Docker Notes

Ticking through a few more of the challenges I raised in my first post on docker; here I explore some of the issues about facilitating interaction with a docker container so that a user’s experience is more similar to working in their own environment and less like working on a remote terminal over ssh. While technically minor, these issues are probably the first stumbling blocks in making this a valid platform for new users.

Sharing a local directory

Launch a bash shell on the container that shares the current working directory of the host machine (from pwd) with the /host directory on the container (thanks to Dirk for this solution):

docker run -it -v $(pwd):/host cboettig/ropensci-docker /bin/bash

This allows a user to move files on and off the container, use a familiar editor and even handle things like git commits / pulls / pushes in their working directory as before. Then the code can be executed in the containerized environment which handles all the dependencies. From the terminal docker opens, we just cd /host where we find our working directory files, and can launch R and run the scripts. A rather clean way of maintaining the local development experience but containerizing execution.

In particular, this frees us from having to pass our git credentials etc to the container, though is not so useful if we’re wanting to interact with the container via the RStudio server instead of R running in the terminal. (More on getting around this below).

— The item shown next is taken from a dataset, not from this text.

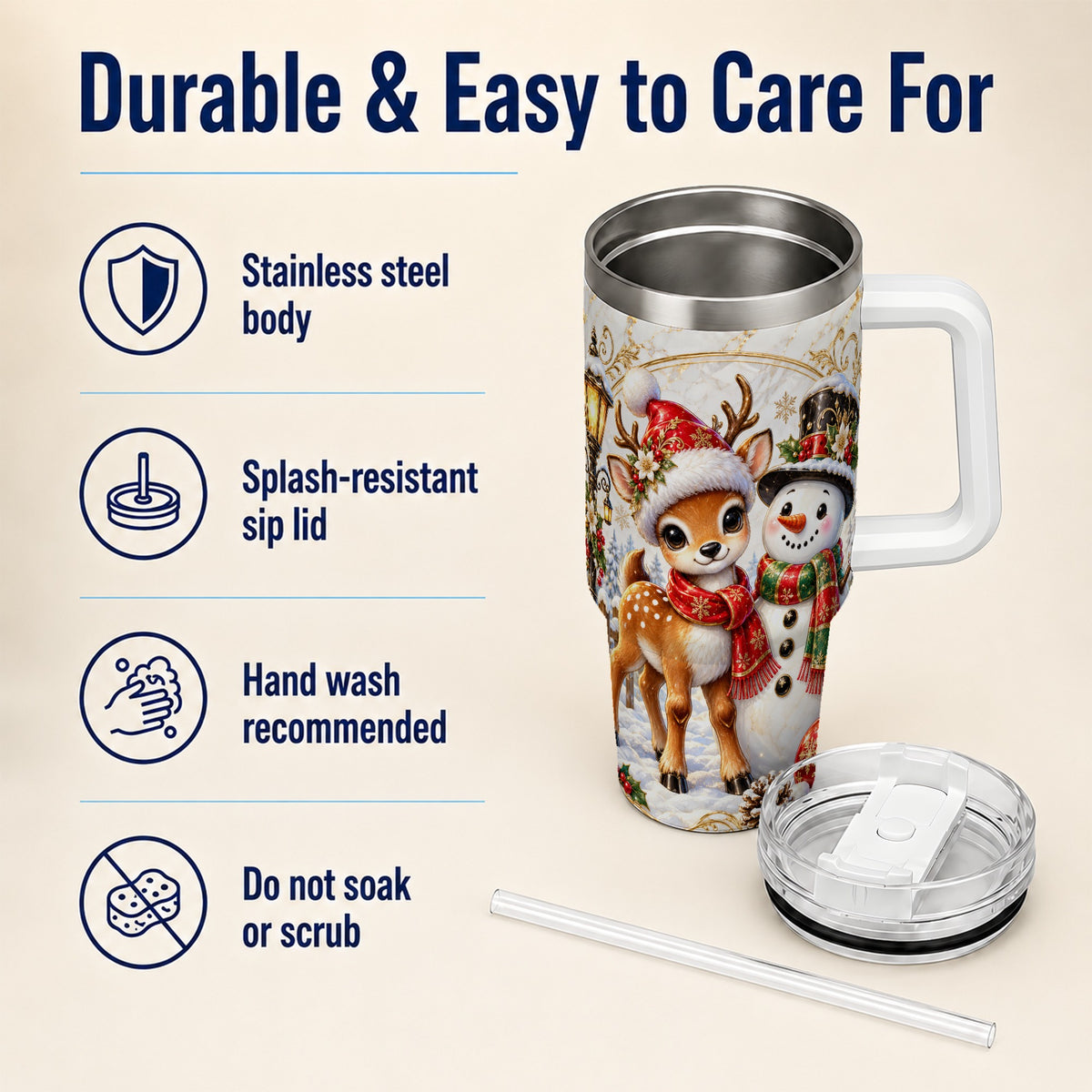 #pl[40oz|White] Reindeer Snowman 40oz Tumbler with Handle, Christmas Winter Drinkware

Unfortunately, Mac and Windows users have to run Docker inside an already-virualized environment such as provided by boot2docker or vagrant. This means that it is only the directories on the virtualized environment, not those on the native OS, can be shared in this way. While one could presumably keep a directory synced between this virtual environment and the native OS, (standard in in vagrant), this is a problem for the easier-to-use boot2docker at this time: (docker/issues/7249).

A Docker Desktop

Dirk brought this docker-desktop to my attention; which uses Xpra (in place of X11 forwarding) to provide a window with fluxbox running on Ubuntu along with common applications like libreoffce, firefox, and rox file manager. Pretty clever, and worked just fine for me, but needs Xpra on the client machine and requires some extra steps (run the container, query for passwords and ports, run ssh to connect, then run Xpra to launch the window). The result is reasonably responsive but still slower than virtualbox, and probably too slow for real work.

Base images?

The basic Ubuntu:14.04 seems like a good lightweight base image (at 192 MB), but other images try to give more useful building blocks, like phusion/baseimage (423 MB). Their docker-bash script and other utilities provide some handy features for managing / debugging containers.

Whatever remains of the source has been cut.